Le mauvais lieu – Julien Green
Le personnage central de cette fresque est une fille de 10 ans, “Lucie”. Le mot “central” prend ici des sens multiples : Lucie est le point de mire de ce roman, mais aussi le sujet d’attention de toute une nuée de personnages, dont elle attise l’attention, sinon la convoitise. Lucie représente la pureté, l’innocence, perdue dans un monde d’adultes aux pensées obscures autant qu’énigmatiques. Le mauvais lieu, c’est l’extérieur, la société, le monde.

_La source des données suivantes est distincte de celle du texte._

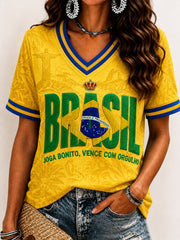 Women's Brazil Football Fan Gift Printed Casual Short Sleeve T-shirt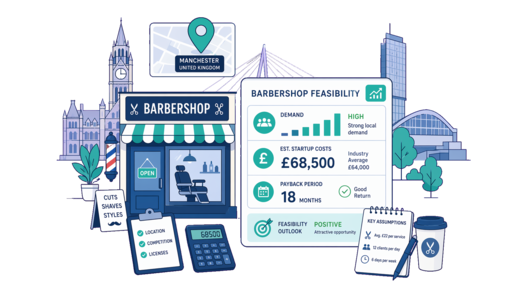 Barbershop planning illustration for Manchester with a map pin and feasibility dashboard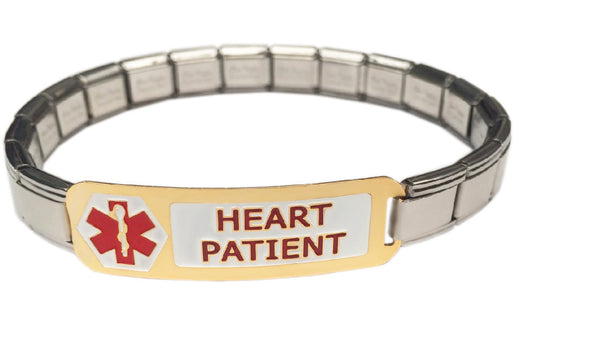 Heart Patient Medical Alert 9mm Italian Charm Starter Bracelet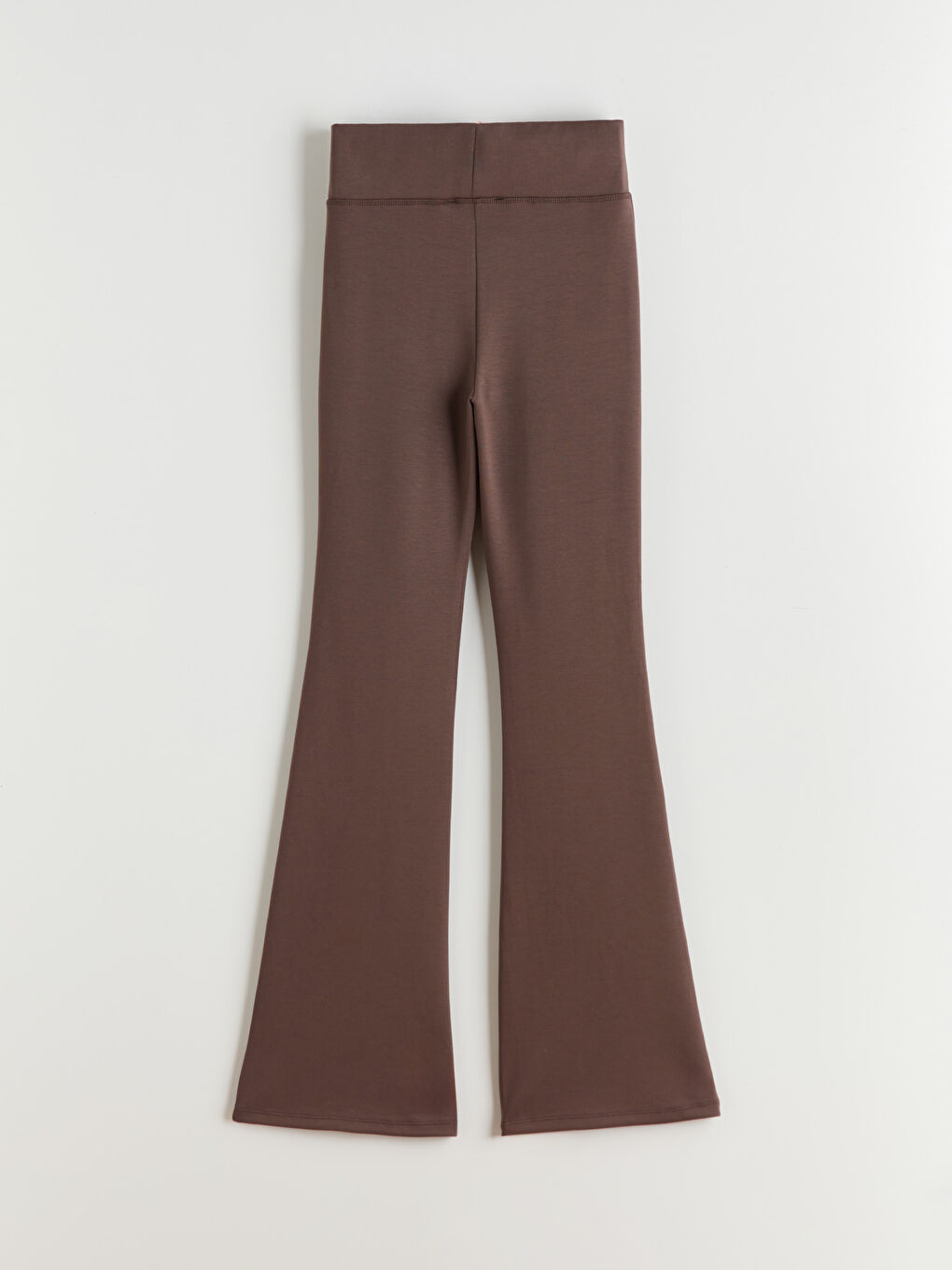 Kahverengi Beli Lastikli İspanyol Paça Kadın Eşofman Altı-5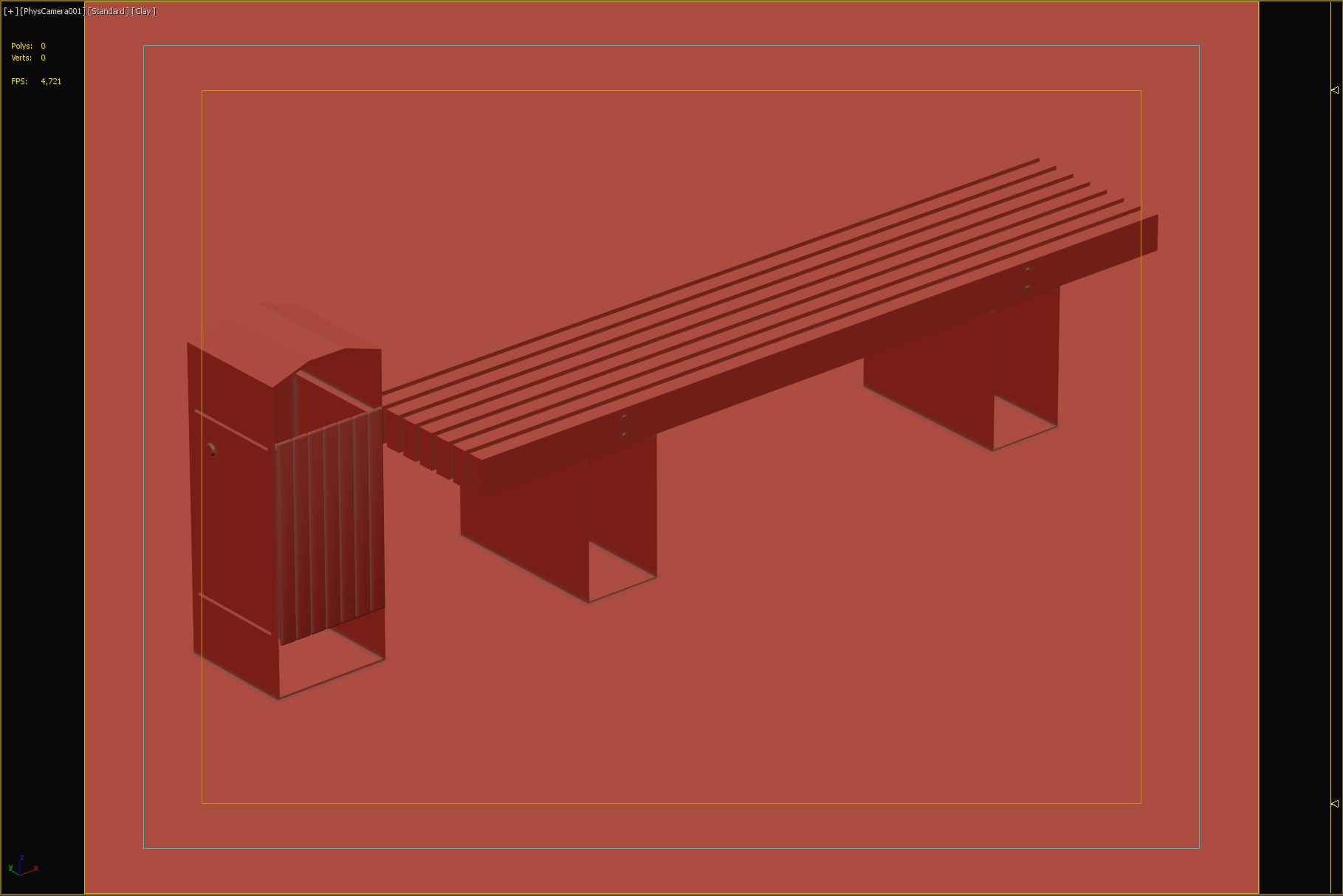 Modern Basic Outdoor Bench with Integrated Trash Bin 3D model_5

Lucie est élevée par sa tante Gertrude, femme sans épaisseur, transparente, dépourvue d’ambition, comme l’auteur aime à les décrire. Elles vivent toutes deux dans une demeure bourgeoise, dans un tissu complexe de relations sociales. Gertrude reçoit du monde, et pas que la fine fleur de la société. Parmi ses connaissances, un homme aux désirs glauques, qui fréquente un lieu étrange : “le Nid d’amour”. L’auteur décrit peu ce lupanar, mais les deux pages qu’il donne à lire sèment l’horreur. Le lecteur se perdra en conjectures quant à l’origine et l’âge des dames, qui satisfont des michetons aux origines et âges opposés mais tout aussi douteux !

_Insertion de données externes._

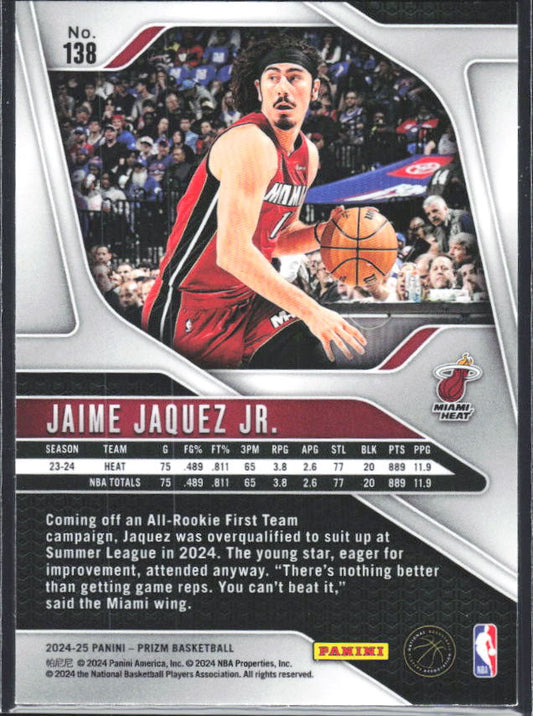 2024-25 Panini Prizm #138 Jaime Jaquez Jr. - baksida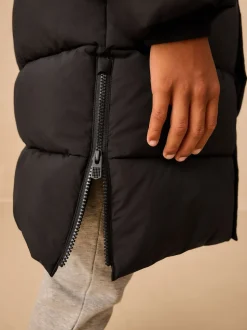 Zwart - Longline Shower Resistant Padded Coat (3-17yrs)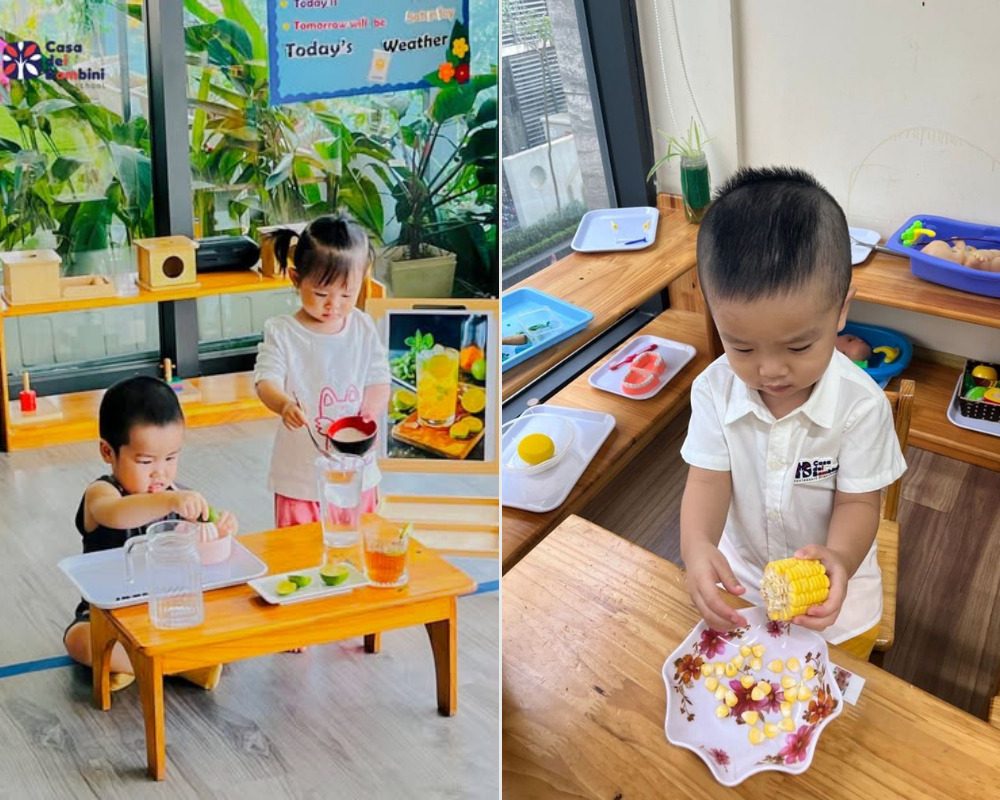 Góc nấu ăn ấn tượng tại trường Casa dei Bambini  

Voici que ce roman, qui s’annonçait paisible, baignant dans un mystérieux brouillard empreint de naïveté, prend une autre dimension. Les hommes rôdent autour de Louise, dont le calme et le silence donnent un contrepoint édifiant ! Gustave est la frère de Gertrude. Il reparaît soudain, et tente d’acquérir la complicité de Gertrude à prix d’or. Celle-ci cède et consent à lui confier la garde de Louise. La voici dans un collège aux mœurs assez étranges, où elle suscitera une fois encore l’étonnement autant que la convoitise. Qui est donc cette fille qui peine à sortir de l’enfance et se trouve confrontée à un monde qui la dépasse ?

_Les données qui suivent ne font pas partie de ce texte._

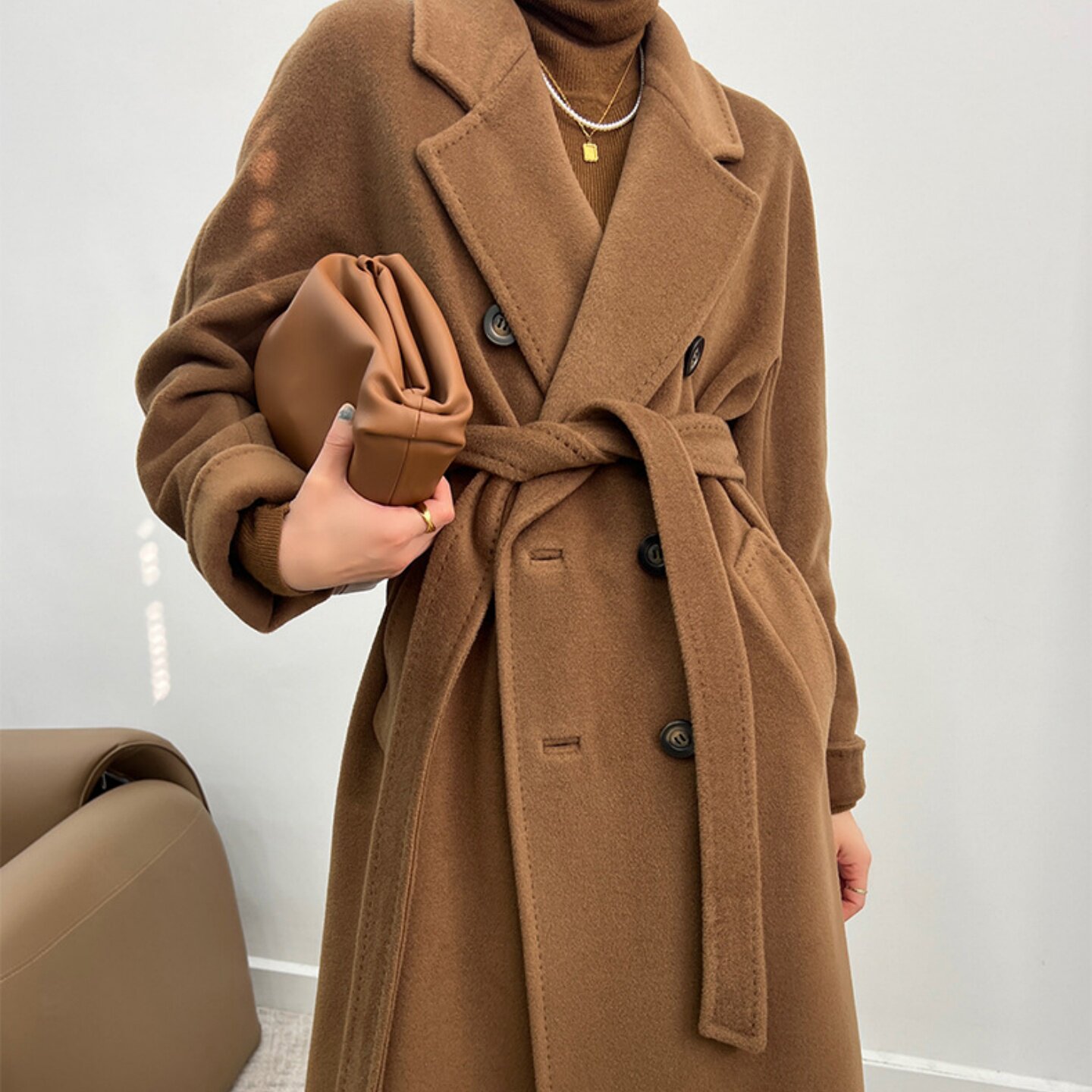 明星同款双面山羊绒大衣气质宽松高级感加长款有内衬时尚廓形外套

Par des phrases d’une qualité remarquable, Julien Green nous livre une fois de plus un roman relativement statique en apparence, où les pages défilent sans qu’a priori rien de fondamental ne change. Et pourtant, tout est dans l’ambiance, le suggéré, le silence. L’écriture est magistrale, somptueuse, classieuse. Elle traduit à merveille les errements de l’âme humaine. On retrouve les thèmes chers à l’auteur, et maintes fois exploités dans ses livres. Des hommes et des femmes en proie à des démons, dans un milieu où l’hypocrisie est la règle, si bien que la vérité ne peut apporter que la tragédie. Revient aussi l’homme seul face à ses pulsions. Green a souvent exploité cette thématique, dans le registre de l’homosexualité. Ici, il va plus loin, les hommes, aussi bien que les femmes de ce mauvais lieu, sont en proie à des désirs pédophiles, et ils mettent à profit leur notoriété et leur richesse pour assouvir leurs désirs. Même s’ils ne se concrétisent pas vraiment et que l’on reste au niveau du fantasme, on ne peut qu’être saisi d’effroi par ces personnages, qui nous rappelleront sans conteste des êtres connus, et réveilleront même certains de nos démons intérieurs.